Ziudin Majidov, 52, was leaving the city Thursday to take his dead son to bury him in his village of Zakan-Yurt. "What can you do?" he whispered, his hand trembling as he touched the blanket covering his son's body lying next to him on the back seat. Khezar, 23, was killed on the night of Jan. 3.
"He was fighting, he was defending the city," said Khezar's uncle, the driver of the car.
People gathered to swap news from the city at the main road junction to the south. Chechen fighters, taking a break from the action, said they were going to their village of Urus-Martan to rest but would return soon.
There were no checkpoints or roadblocks on the roads south, west and east from Grozny, allowing Chechen fighters to travel freely through much of the countryside.
One Russian checkpoint, manned by Interior Ministry troops with three armored personnel carriers, was all that guarded the western road to Grozny from Ingushetia.
Allaudin Zaramaktov, 45, said he had brought wounded from Grozny and was returning with meat for civilians and soldiers in the city.
Meat is one of the few things not in short supply in Chechnya. Small street markets continue to work in the south part of the city as close as two kilometers from the central square. But they have little to sell. Women in brightly colored wool headscarves set up their stores, but despite the cheerfulness of their displays, misery was close to the surface.
"They bombed my house on the 31st," said Zinaida Kurunchuk, 45, an ethnic Russian and a single mother of two teenaged boys. She began to cry. An economist at the Ministry Building in Grozny, Kurunchuk turned to selling cigarettes on the street two weeks ago. "I do not have any clothes to change into, everything is destroyed," she said.
Occasional buses moved through the city's outskirts, but residents shopping at Chernorechnye market on the southern edge of Grozny said that after nights and days of bombing they were too frightened to go anywhere.
Zina Karsayeva, 70, said she had not heard from her son and grandchildren for weeks. They live a bare 10 kilometers away on the other side of the city, in Mikrorayon, scene of heavy bombing Dec. 22.
"How can I get there? There is no transport and I am too frightened," she said.
"We are scared, we are existing but we do not understand what is happening," said Sveta Dudayeva, 24, a young Russian woman married to a Chechen. "He is fighting, he comes back every few days to wash and rest, and then he goes away again."

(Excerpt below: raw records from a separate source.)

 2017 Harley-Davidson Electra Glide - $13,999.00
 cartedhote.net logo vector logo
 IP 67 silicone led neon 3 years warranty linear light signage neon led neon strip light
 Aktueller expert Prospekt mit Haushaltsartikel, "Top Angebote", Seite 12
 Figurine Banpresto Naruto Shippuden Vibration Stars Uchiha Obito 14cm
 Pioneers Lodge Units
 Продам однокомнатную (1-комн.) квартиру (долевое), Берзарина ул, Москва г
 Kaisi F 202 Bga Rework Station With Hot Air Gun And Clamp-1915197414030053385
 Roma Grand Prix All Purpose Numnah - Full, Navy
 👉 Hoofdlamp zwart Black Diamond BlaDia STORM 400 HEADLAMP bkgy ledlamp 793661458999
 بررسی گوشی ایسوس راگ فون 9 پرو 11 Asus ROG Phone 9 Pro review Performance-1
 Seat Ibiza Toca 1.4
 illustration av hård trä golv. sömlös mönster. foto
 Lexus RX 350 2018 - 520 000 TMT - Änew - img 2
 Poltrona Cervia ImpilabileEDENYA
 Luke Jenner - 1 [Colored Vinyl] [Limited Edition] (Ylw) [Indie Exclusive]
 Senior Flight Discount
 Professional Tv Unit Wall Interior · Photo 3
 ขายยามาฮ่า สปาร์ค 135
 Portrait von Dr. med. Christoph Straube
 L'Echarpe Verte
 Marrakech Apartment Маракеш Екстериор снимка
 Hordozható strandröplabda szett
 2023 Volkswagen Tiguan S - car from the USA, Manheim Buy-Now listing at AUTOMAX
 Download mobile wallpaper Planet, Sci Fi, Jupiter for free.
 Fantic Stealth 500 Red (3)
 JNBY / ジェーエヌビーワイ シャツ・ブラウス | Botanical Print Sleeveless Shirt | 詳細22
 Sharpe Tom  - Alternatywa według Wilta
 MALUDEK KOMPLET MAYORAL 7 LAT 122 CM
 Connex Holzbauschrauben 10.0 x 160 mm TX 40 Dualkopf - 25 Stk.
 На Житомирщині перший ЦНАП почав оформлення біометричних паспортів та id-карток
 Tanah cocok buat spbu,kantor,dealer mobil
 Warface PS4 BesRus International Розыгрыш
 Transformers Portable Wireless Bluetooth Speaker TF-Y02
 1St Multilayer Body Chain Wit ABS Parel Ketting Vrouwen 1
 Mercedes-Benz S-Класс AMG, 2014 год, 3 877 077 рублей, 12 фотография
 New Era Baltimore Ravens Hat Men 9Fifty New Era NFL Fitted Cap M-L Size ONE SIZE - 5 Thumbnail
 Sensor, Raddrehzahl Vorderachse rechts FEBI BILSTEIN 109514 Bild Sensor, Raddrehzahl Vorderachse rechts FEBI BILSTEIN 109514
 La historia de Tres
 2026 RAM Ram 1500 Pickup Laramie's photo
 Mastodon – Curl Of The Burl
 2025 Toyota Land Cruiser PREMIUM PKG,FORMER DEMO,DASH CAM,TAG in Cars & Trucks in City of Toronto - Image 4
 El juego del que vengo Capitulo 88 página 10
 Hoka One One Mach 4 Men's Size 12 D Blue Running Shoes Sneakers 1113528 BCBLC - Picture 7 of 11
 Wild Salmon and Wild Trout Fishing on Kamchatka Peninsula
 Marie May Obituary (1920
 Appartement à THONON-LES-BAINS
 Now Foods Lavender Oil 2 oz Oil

The residents of southern Grozny, who now have to go out daily in search of water, gather around the few sources, carrying buckets several kilometers back home.
"Yeltsin is a scoundrel," shouted one Chechen woman who did not give her name. Panting from the half-hour walk uphill from her village to a spring, she joined the small crowd filling plastic containers and metal milk churns.
"Say thanks to Boris," said one man struggling to lift a container full of water up the icy steps.
"The elders always warned us of this, and told us what to expect from the Russian Empire. But somehow I never believed them," said Magoned Algereyev, 35, who was filling eight containers for his family and his herd of 10 cows. "Today I know."